How would you negate the effect of our 1G to make it work in the fist place. Or are you thinking of builing it around the whole world.
 
Muklin,
Haven't you been to local fair lately ? If the habitat module is suspended vertically from a balanced beam as it spins up it will angle outward in proportion to the centrifugal & gravitational force. So the floor will seem to the occupant always level. If you enter from the base axial point which will be moving slowly compared to the outer edge you could easily access the habitat module. That my thoughts anyway.
Cheers
Princy
 
Since when is 2G "as it is in Space?"

TTFN
 
sorry, I automatically thought of a cylindrical floor, like Halo, or space oddesy 2001.

Which would be easier to construct, but impossible to run on earth.
 
IRstuff,
When your trying to get somewhere in a big hurry !!
Cheers
Princy
 
So what's the point of elaborately simulating a condition that currently lasts for maybe 3 minutes?

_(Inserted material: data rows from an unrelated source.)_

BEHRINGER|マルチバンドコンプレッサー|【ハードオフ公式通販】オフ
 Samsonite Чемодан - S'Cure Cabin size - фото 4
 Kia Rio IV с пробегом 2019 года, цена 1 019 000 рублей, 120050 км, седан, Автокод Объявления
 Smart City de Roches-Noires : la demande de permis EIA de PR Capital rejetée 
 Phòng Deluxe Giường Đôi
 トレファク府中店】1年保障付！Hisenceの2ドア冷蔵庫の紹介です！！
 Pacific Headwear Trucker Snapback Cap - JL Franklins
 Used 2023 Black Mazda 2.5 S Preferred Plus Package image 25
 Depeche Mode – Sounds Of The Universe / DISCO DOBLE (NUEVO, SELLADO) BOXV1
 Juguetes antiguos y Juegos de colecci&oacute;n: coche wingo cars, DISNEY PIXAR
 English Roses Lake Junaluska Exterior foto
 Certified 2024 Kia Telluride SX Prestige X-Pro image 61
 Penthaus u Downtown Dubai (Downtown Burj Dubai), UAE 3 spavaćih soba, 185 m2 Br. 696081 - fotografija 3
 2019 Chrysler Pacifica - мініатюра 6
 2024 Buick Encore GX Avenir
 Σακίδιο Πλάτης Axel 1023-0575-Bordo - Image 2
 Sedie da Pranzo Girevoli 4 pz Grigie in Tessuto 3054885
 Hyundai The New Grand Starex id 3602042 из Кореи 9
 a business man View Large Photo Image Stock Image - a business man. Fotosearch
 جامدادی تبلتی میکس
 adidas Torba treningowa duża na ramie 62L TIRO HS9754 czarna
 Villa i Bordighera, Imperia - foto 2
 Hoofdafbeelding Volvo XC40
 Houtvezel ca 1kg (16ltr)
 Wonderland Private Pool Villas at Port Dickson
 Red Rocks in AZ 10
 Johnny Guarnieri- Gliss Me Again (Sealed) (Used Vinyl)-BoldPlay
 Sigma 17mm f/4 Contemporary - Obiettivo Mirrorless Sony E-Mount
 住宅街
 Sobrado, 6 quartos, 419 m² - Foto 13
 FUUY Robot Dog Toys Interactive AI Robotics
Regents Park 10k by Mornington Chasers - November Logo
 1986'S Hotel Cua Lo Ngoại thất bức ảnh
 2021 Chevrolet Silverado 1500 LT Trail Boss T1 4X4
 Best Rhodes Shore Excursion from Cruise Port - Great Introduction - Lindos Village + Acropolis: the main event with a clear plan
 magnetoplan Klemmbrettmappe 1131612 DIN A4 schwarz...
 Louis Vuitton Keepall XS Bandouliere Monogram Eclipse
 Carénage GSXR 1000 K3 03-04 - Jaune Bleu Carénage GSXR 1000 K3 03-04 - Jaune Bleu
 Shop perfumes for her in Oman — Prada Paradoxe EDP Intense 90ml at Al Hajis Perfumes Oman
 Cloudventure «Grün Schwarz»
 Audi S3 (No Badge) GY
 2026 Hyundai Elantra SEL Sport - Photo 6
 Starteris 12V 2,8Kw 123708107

There are no engines in existence or even contemplated that provide that much thrust for any longer periods of time.

TTFN
 
Got me thinking again, if we never realise warped space worm hole travel etc & have to rely on good old acceleration. I did the math once albiet in my head very roughly that it takes more than a year at 1G to accelerate to close to light speed & then you have to slow down at 1G for another year to your destination making any practical interstellar travel very expensive. So nuclear is the only way to go I suspect. Has anyone played with imbalance propulsion ? Acceleration of particles in an eliptical path resultant centripital imbalance. I once built a model of the concept like many others which would lurch across the floor like a drunken centipede. Kinda like a chainsaw on a concrete surface moving in one direction at idle.
Cheers
Princy.
 
If you did the math, then you'd also found out that there isn't enough energy in the universe to get even the mass of human to light-speed.

Even ignoring the relativistic effects, a 1G acceleration for 1 year for a measly 70kg requires an energy source with 100GW output.

TTFN
 
Actually, it's worse than that, because that was average power.

TTFN
 
Damn,
I guess that means where stuck for a little while longer !!